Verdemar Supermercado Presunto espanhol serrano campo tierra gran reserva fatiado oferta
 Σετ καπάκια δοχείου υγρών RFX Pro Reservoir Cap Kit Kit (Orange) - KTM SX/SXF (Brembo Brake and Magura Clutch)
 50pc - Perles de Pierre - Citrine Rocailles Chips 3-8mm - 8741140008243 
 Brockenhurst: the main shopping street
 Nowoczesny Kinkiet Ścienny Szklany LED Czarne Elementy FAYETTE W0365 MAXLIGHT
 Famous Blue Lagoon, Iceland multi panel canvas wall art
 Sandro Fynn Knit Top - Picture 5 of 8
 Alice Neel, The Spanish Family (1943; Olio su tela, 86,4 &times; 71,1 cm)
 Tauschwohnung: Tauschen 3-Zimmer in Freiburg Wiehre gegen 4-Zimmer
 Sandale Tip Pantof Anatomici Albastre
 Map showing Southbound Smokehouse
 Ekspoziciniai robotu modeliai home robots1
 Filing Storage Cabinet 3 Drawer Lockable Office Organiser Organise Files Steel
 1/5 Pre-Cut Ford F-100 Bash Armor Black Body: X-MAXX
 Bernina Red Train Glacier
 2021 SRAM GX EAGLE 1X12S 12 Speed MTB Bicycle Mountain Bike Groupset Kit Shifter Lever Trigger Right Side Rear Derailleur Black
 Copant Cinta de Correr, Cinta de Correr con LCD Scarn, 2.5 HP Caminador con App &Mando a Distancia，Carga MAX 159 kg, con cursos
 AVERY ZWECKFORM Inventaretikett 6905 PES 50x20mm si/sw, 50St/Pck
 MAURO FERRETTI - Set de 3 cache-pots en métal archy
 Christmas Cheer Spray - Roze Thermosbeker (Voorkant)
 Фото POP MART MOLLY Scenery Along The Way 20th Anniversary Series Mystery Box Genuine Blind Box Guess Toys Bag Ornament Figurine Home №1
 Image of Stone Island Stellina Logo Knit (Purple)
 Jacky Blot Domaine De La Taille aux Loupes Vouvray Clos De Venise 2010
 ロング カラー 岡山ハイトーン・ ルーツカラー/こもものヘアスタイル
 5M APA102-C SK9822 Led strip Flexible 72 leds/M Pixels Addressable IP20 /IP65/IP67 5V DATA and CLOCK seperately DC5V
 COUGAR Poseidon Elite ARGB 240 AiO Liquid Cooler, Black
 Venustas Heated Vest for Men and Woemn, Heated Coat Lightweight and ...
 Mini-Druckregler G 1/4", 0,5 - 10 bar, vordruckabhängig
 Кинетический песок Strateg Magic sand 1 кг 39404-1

::::

- **ACTIVITY**: Nothing but the lines from the start of the data through the line holding "Alice Neel, The" should be restated, and each one exactly.

- **RESULT OF THIS EXERCISE**:
Verdemar Supermercado Presunto espanhol serrano campo tierra gran reserva fatiado oferta
 Σετ καπάκια δοχείου υγρών RFX Pro Reservoir Cap Kit Kit (Orange) - KTM SX/SXF (Brembo Brake and Magura Clutch)
 50pc - Perles de Pierre - Citrine Rocailles Chips 3-8mm - 8741140008243 
 Brockenhurst: the main shopping street
 Nowoczesny Kinkiet Ścienny Szklany LED Czarne Elementy FAYETTE W0365 MAXLIGHT
 Famous Blue Lagoon, Iceland multi panel canvas wall art
 Sandro Fynn Knit Top - Picture 5 of 8
 Alice Neel, The Spanish Family (1943; Olio su tela, 86,4 &times; 71,1 cm)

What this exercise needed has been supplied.